Several thousand other CDM projects from developing nations are in the process of being validated or seeking registration. Not all applications will succeed and earn CERs, leading to fears that the total flow of U.N. offsets will be less than the official forecast of 2.9 billion by 2012.
The flow of credits has been hit by turmoil on financial markets along with worries about whether the CDM will even exist after 2012, when the first phase of the Kyoto Protocol ends, Brendstrup said.
“It is clear project developers are finding it very difficult to finance their projects, and therefore there are many that are not being built,” he said.
“Only eight months ago now, they had initial agreements with banks but many of these agreements are not being re-evaluated or even withdrawn and this is when they stop happening. There will be a huge slowdown in the supply of credits.”
CERs, currently trading around 11 euros ($14.3) a ton on the European Climate Exchange, are mostly bought by European companies such as power firms, steel and cement makers to meet emissions targets under the EU’s emissions trading scheme. Japanese firms are also buyers.
Brendstrup noted that most of the projects now getting underway are the ones backed by state-owned or big private firms, and the smaller companies are the ones struggling the most.

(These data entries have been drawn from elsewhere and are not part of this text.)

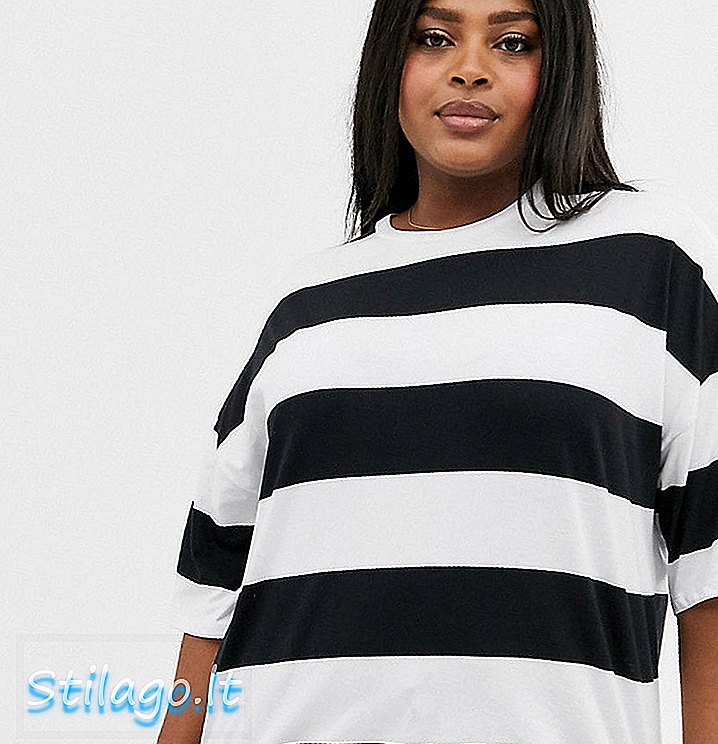 ASOS DESIGN Curve t-skjorte i stor størrelse i stripe-Multi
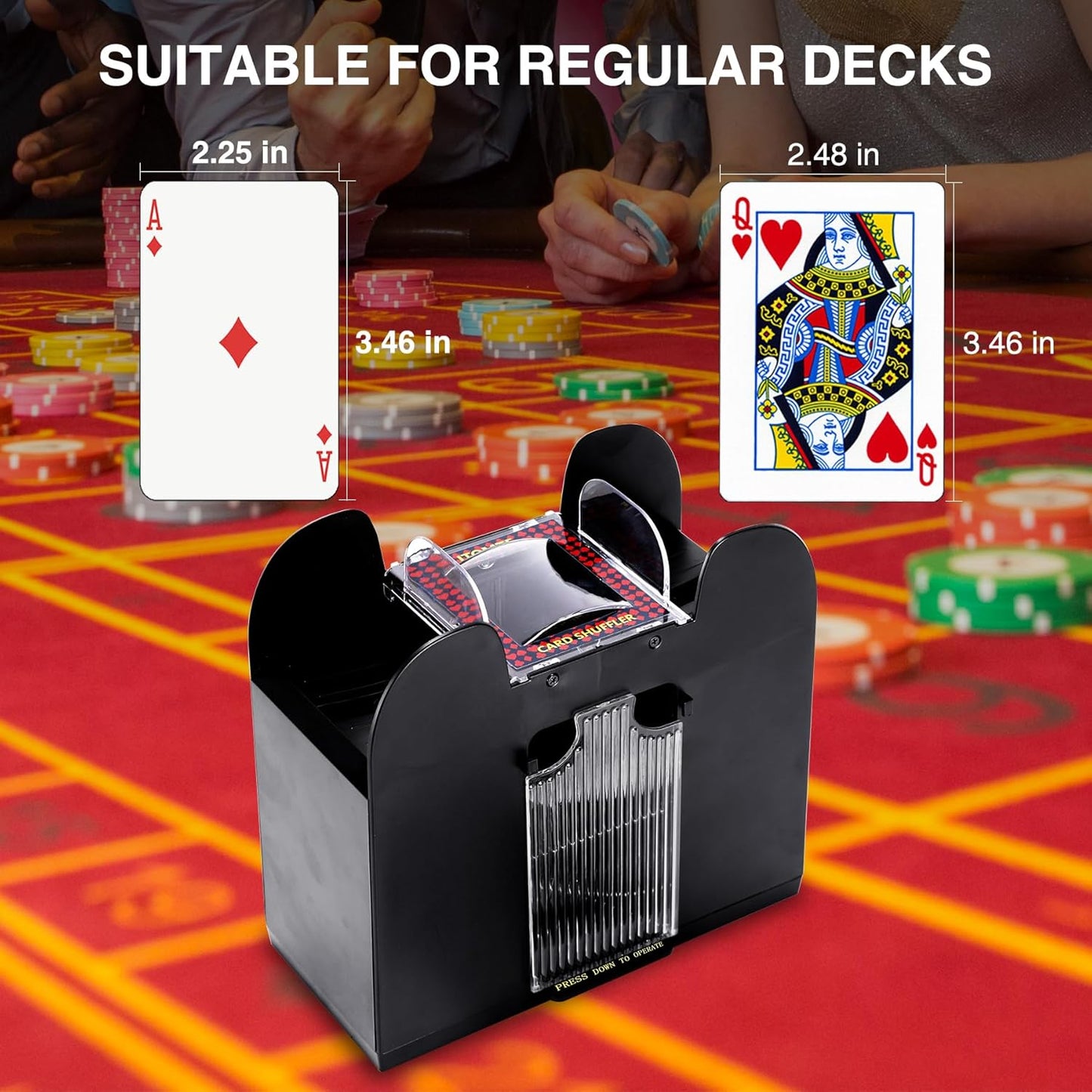 Automatic Card Shuffler 6 Deck Electric Heavy Duty Card Shuffler for Cards,USB/Battery Operated,Perfect for Poker, UNO,and Card Games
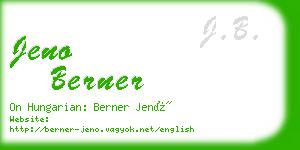 jeno berner business card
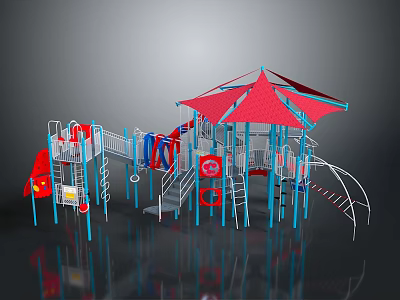 Colorful Children's Playground Equipment With Red Canopy Blue Frame Slide And Climbing Structures 3d model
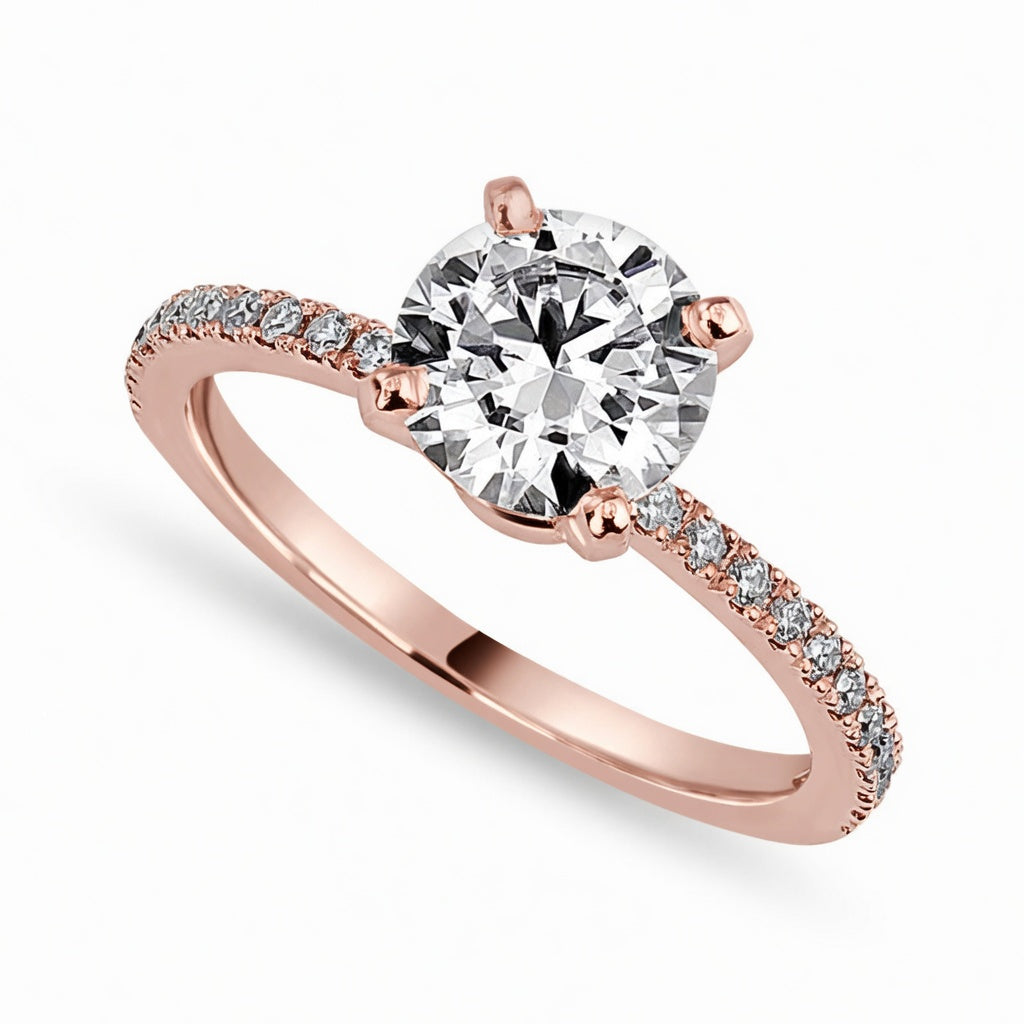 Elin 1.25 ct Lab Grown Round Cut Pave 4 Prong Diamond Engagement Ring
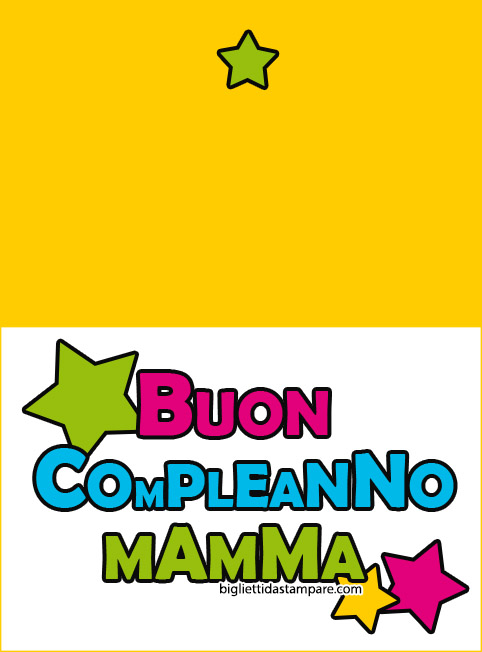 Biglietto auguri compleanno mamma con stelle a colori da stampare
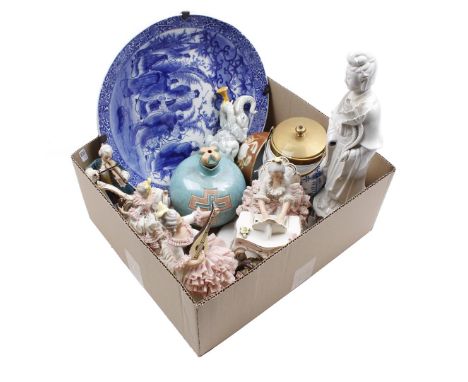 Box with Dresden classic porcelain statue groups (damage), oriental porcelain saucer, statue (incomplete) and bowl, porcelain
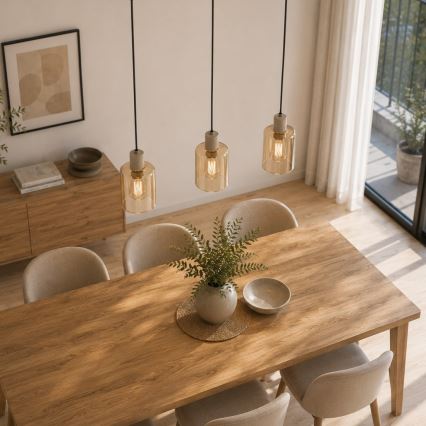 Brilliant - Hanglamp aan kabel LYSKA 3xE27/20W/230V crème/rookbeige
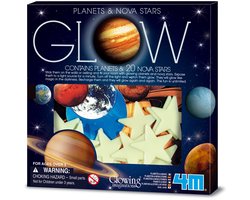 4M Glow In The Dark Stickers - Planeten En Supernova - 20 Sterren - Muurdecoratie Kids - 3 Jaar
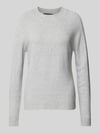 VERO MODA Regular Fit Strickpullover mit Crew Neck Modell 'DOFFY' Hellgrau Melange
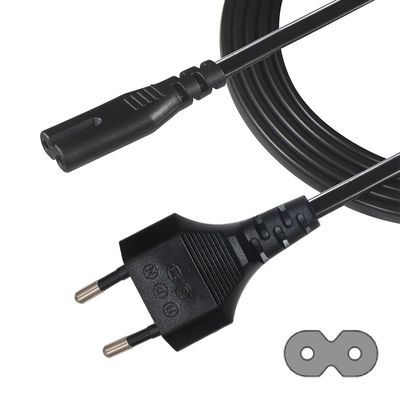 VDE aprovado cabo de alimentação elétrica para laptop com EU 2PIN plug e IEC C7 C8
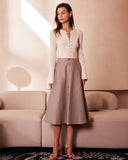 Sueña™ Kayısı Yuvarlak Yaka Düğmeli Örgü Üst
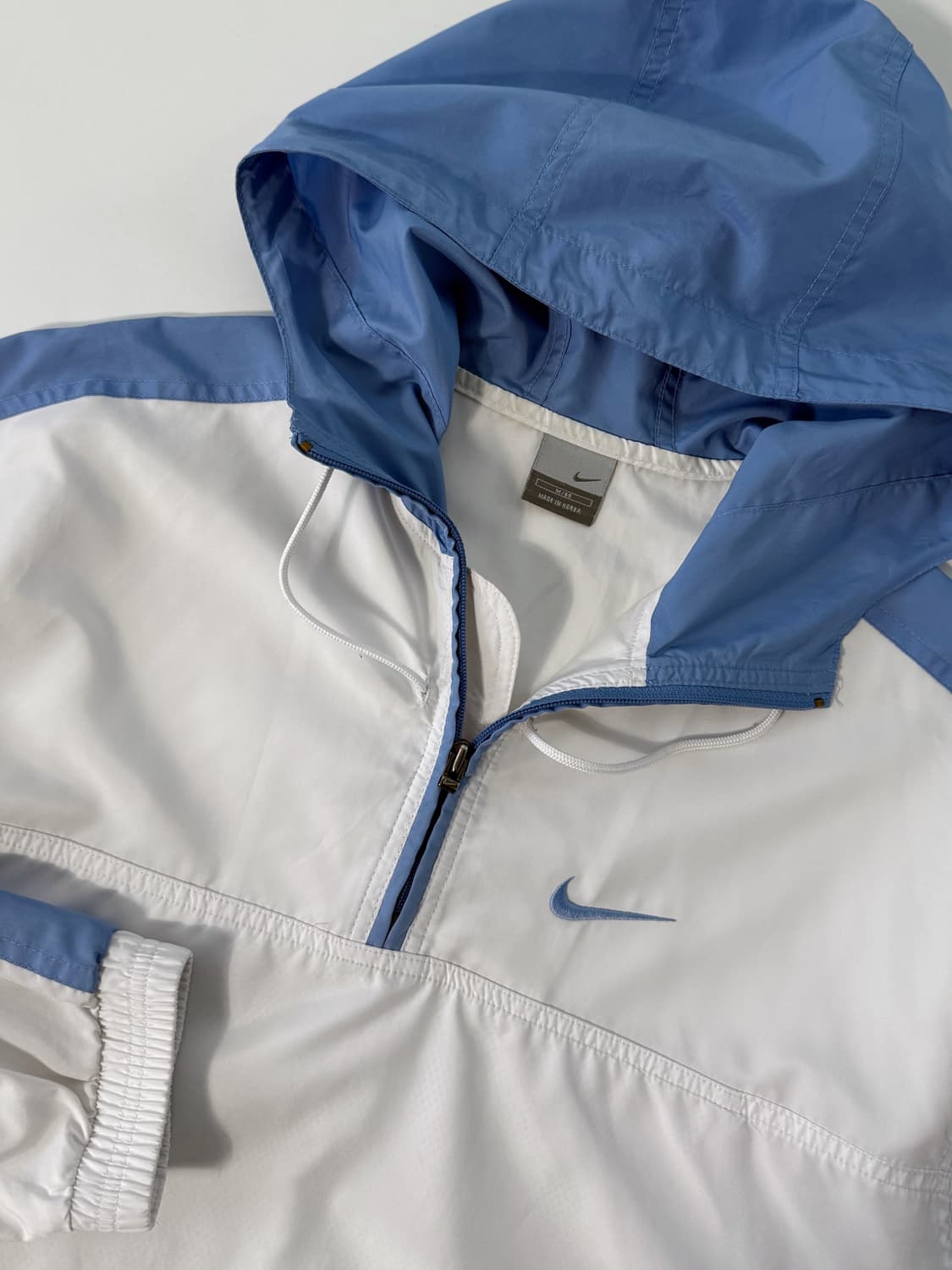나이키 00‘s 루즈핏 흰&하늘 배색 스우시 하프집 아노락 자켓 상품이미지3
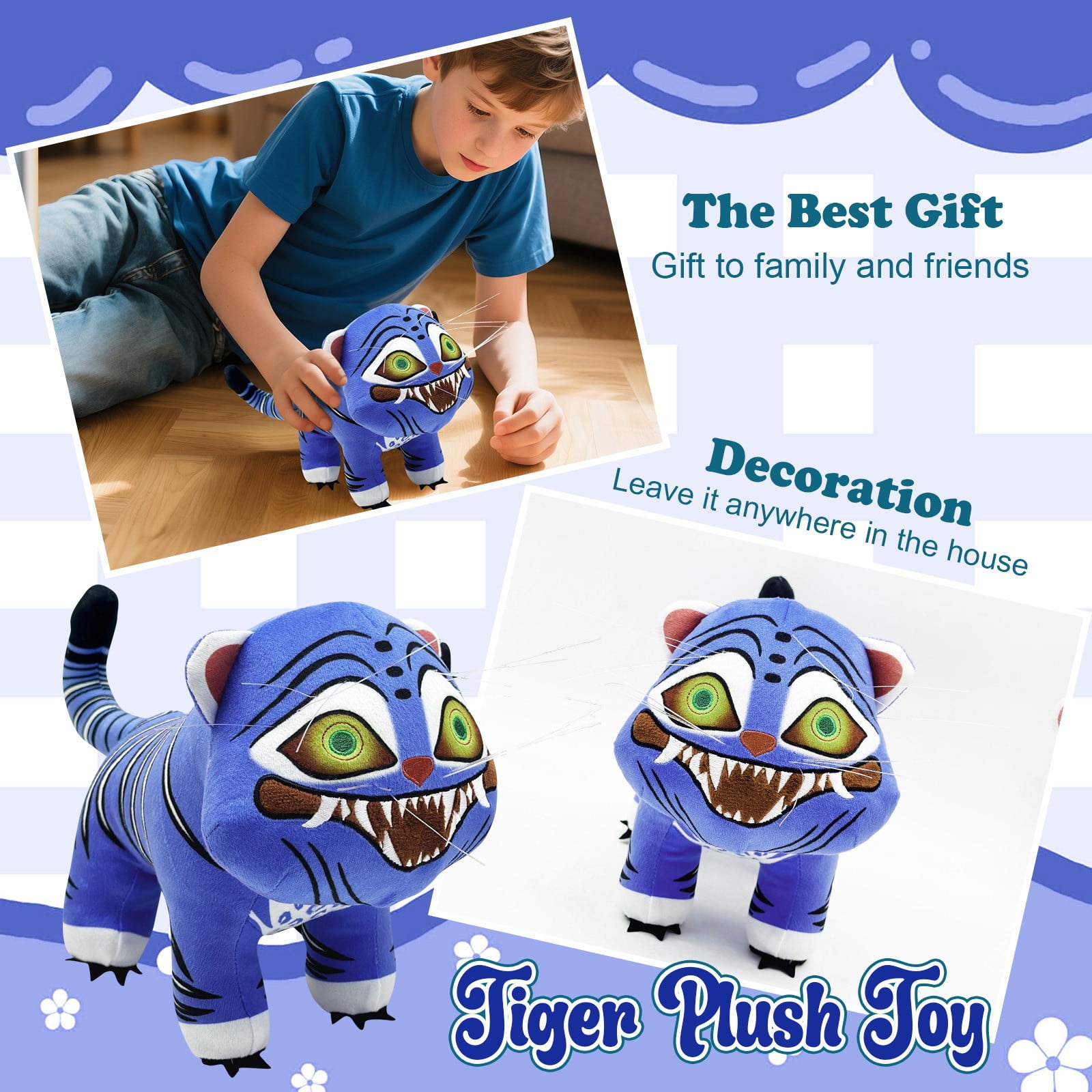 ArtCreativity Belly Buddy Tiger - 10 Inch Plush Stuffed Animal, Super Soft Toy For Babies & Kids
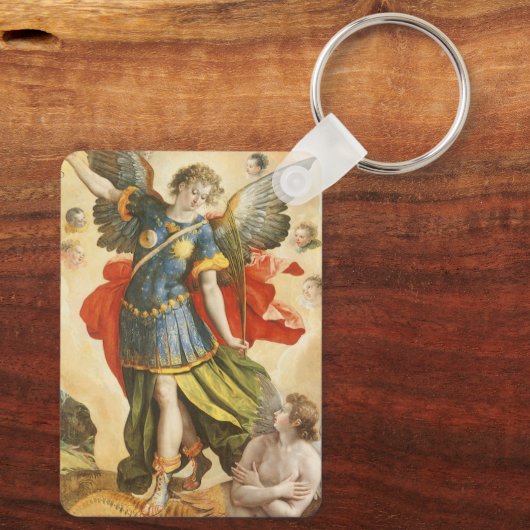 Vintage Saint Michael Defeats Lucifer Sleutelhanger (Achterkant)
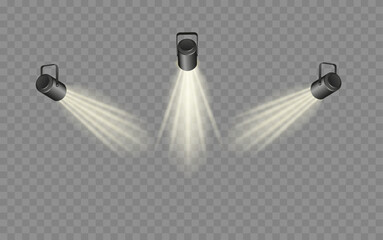 Spotlight lighting. Light source studio lighting walls spotlight. Light beams light effect. Vector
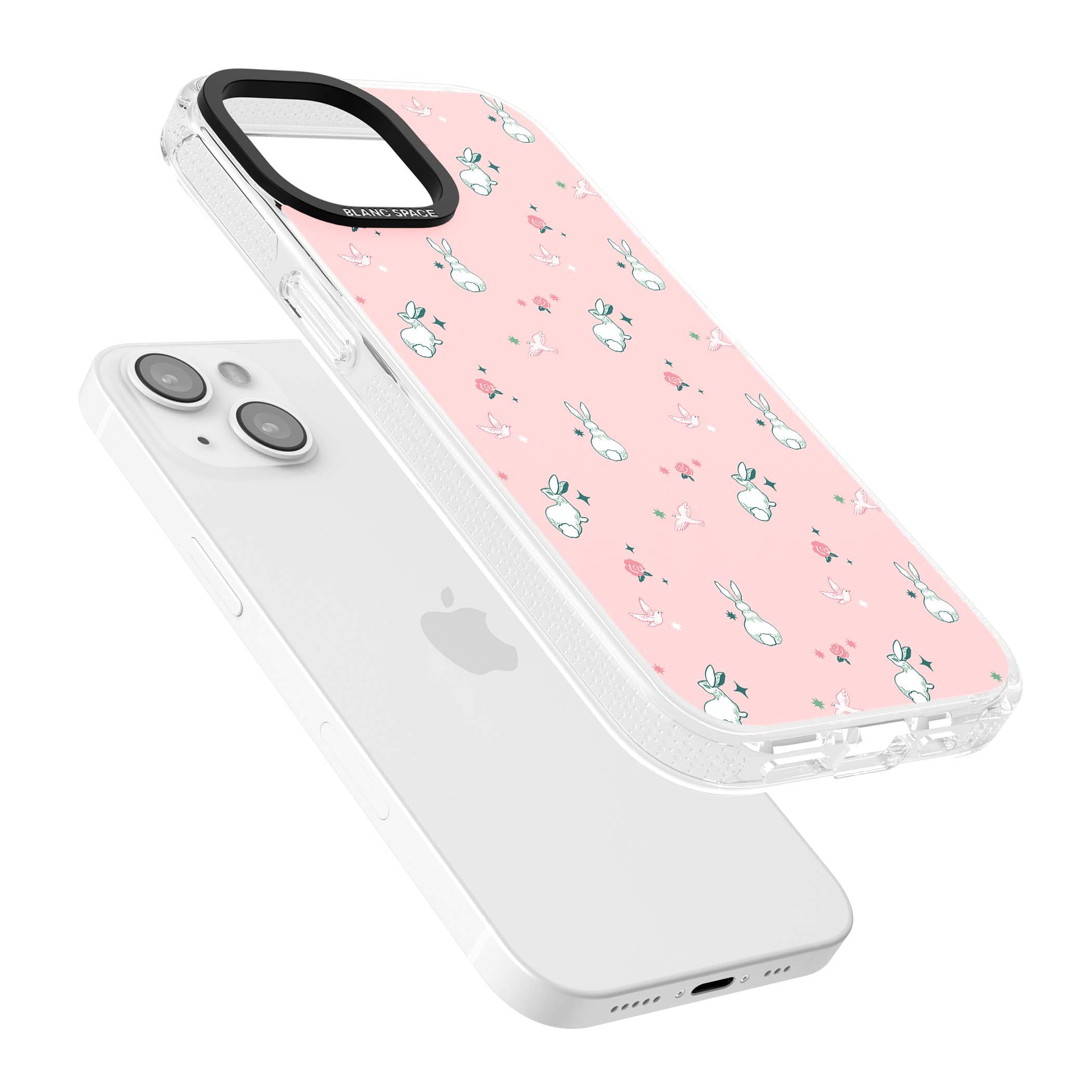Bunny Garden kawaii iPhone case featuring white rabbits, pink roses, doves and stars on pink background | Clear Case Impact Air case for iPhone 15, iPhone 15 Plus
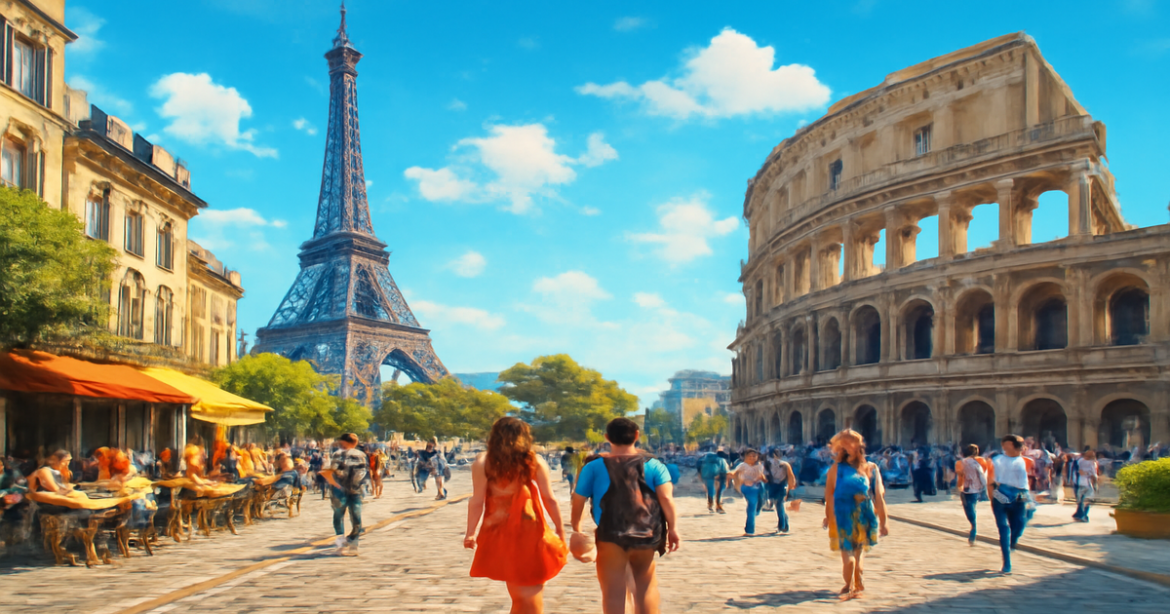 Explore stunning маршруты по Европе with iconic landmarks and vibrant travel scenes.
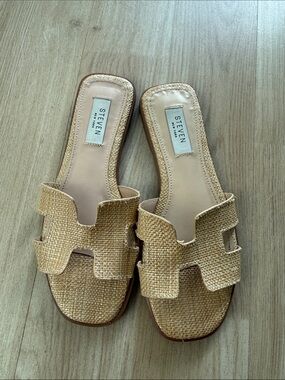 STEVEN By Steve Madden Natural Woven Slide Sandals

Critics of the CDM have focused on the key concept of “additionality,” which ensures that carbon trading revenues are allocated only to projects that would otherwise have been unprofitable.
The brutal impact of the financial crisis showed that the principle has been applied with rigor, he said.
Negotiations are now underway to draw up a broader replacement for the Kyoto Protocol. World leaders gather in Copenhagen in December to try to agree the outline of what a post-Kyoto pact might look like.
If the talks stall, that will throw the CDM into uncertainty since the scheme only runs up to 2012, although a number of projects will continue to issue CERs well beyond that.
“We do believe that all the projects that have been started before will continue to receive CDM revenue after 2012, and most investors expect them to continue. But of course, it is an uncertainty for both the developers and the financiers,” he said.